The strings look identical using Textmate’s Rspec bundle until I copy
and paste the output into some other text editor only to reveal the
fact the strings are not equal. This leads me to believe there’s an
encoding issue somewhere, but I’m not sure where. Textmate and the
terminal are both in UTF8.

When I copy the above error message into vim from Textmate’s Rspec
bundle I see this:
expected: “/Users/dave/Music/iTunes/iTunes Music/Sigur Ros/Agaetis
Byrjun/05 Ný batterí.m4a”,
got: “/Users/dave/Music/iTunes/iTunes Music/Sigur Ros/Agaetis
Byrjun/05 Ny?~A batteri?~A.m4a” (using ==)

Anyone have any ideas on how to make this (simple!) test pass with
flying colors?

Thank you,
Dave

On Mar 22, 2008, at 4:17 pm, Dave wrote:

Anyone have any ideas on how to make this (simple!) test pass with
flying colors?

You will need to use a unicode library. Judging by the length of the
strings being compared, I think what is happening is the ý and í
characters are being entered in different ways.
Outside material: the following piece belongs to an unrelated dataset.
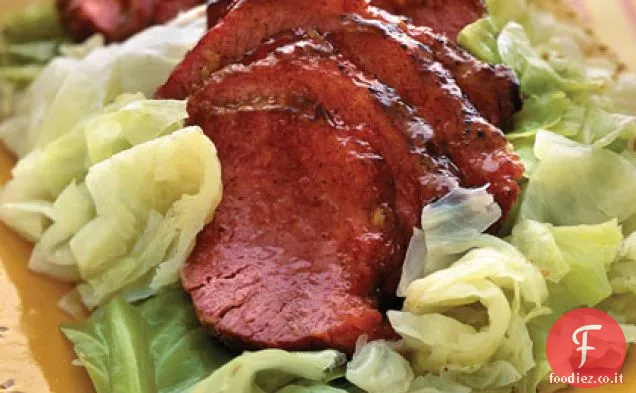 Carne in scatola con marmellata-glassa di senape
URI is encoding them
as letter+accent (total length 84) whereas your test string is
encoding them as single character (total length 82). (Actual length
of the string is 80, I counted by hand).

I’m no unicode expert but I do know that some characters can be
encoded either the form <é> or the form <e + ´>

Without resorting to a unicode library you would have to do

URI.should_receive(:unescape).with("…")

to test it, which is more of a unit test than a functional test.

Hope this helps.

Ashley

Here’s the code I wrote as a test:

Error:
Song when location= has been sanitized dealing with foreign character
expected: 82, got: 84 (using ==)

$KCODE = “u”

require ‘uri’

class Song
attr_reader :location

 def location=(location)
  @location = URI.unescape(location).gsub!("file://localhost", "")
 end

end

describe Song do
before(:each) do
@song = Song.new
end

 it "when location= has been sanitized dealing with foreign

characters" do
location =
"file://localhost/Users/dave/Music/iTunes/iTunes%20Music/Sigur%20Ros/Agaetis%20Byrjun/05%20Ny%CC%81%20batteri%CC%81.m4a
"
@song.location = location

   expected_sanitized_location = "/Users/dave/Music/iTunes/iTunes

Music/Sigur Ros/Agaetis Byrjun/05 Ný batterí.m4a"
@song.location.length.should ==
expected_sanitized_location.length
@song.location.should == expected_sanitized_location
end

  it "when location= has been sanitized dealing with non-foreign

characters" do
location =
"file://localhost/Users/dave/Music/iTunes/iTunes%20Music/Mogwai/Mr.%20Beast/Travel%20Is%20Dangerous.mp3
"
@song.location = location

    expected_sanitized_location = "/Users/dave/Music/iTunes/iTunes

Music/Mogwai/Mr. Beast/Travel Is Dangerous.mp3"
@song.location.length.should ==
expected_sanitized_location.length
@song.location.should eql(expected_sanitized_location)
end
end